Groupon Will Dump Controversial ACSOI Accounting in Amended IPO Filing - canistr
http://allthingsd.com/20110805/exclusive-groupon-will-dump-controversial-ascoi-accounting-in-new-ipo-filing/?mod=tweet

======
cjlars
So there are three adjustments to this accounting method that make it
different from normal operating profits:

1\. Online Marketing -- They excluded about $180mm of their $208mm Q2'11
advertising budget. Ostensibly because this cost should be capitalized as an
investment in customer acquisition. This isn't entirely insane, but is
abnormal. I would have broken it out into a sort of lifetime customer value
section, so that investors could understand why these costs are justified. As
it stands, we don't get a good idea of whether these marketing costs will pay
off.

2\. Stock Compensation -- This should absolutely NOT be excluded. Even though
stock based compensation is a non-cash transaction, it is still an expense for
services delivered in this quarter. There was ~$18mm excluded here.

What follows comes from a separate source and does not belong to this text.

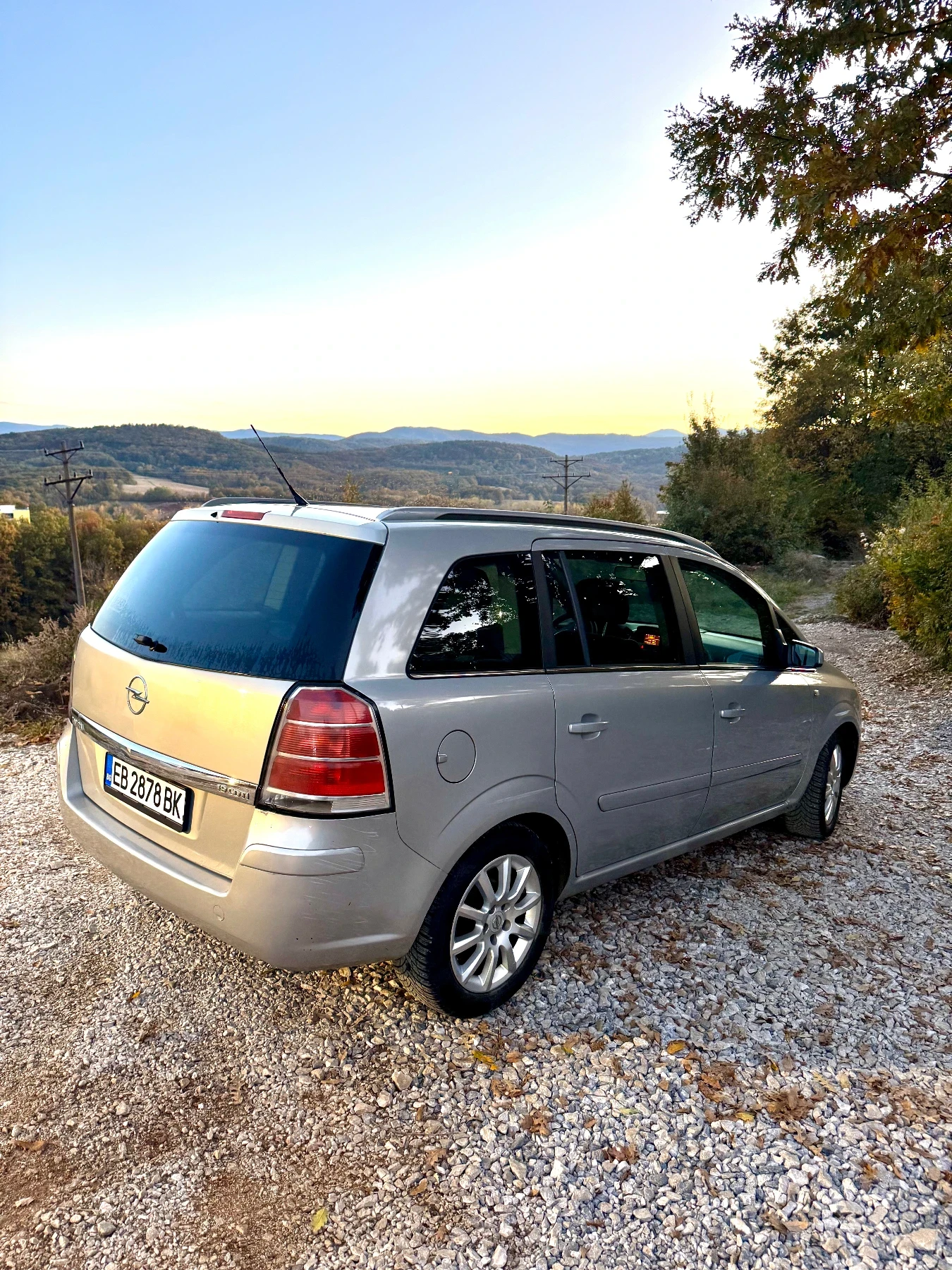 Opel Zafira 1.9 CDTi 120к.с., снимка 5 - Автомобили и джипове - 56646799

3\. Aquisition Related -- This isn't well explained in the filing. It's
related to the loss Groupon had to take because of the earn-out conditions of
one of their acquisitions. At first glance, this appears to be a one-time,
~$200mm cost applicable to 2010 only and might be reasonable to exclude (but
it's still a warning flag, considering the outright BS in point 2).

In short: be wary of companies that fudge their numbers. There's already
plenty of ways to tweak their finances under GAAP, and in this case, it looks
like Groupon got caught trying to take a few too many cookies out of the jar.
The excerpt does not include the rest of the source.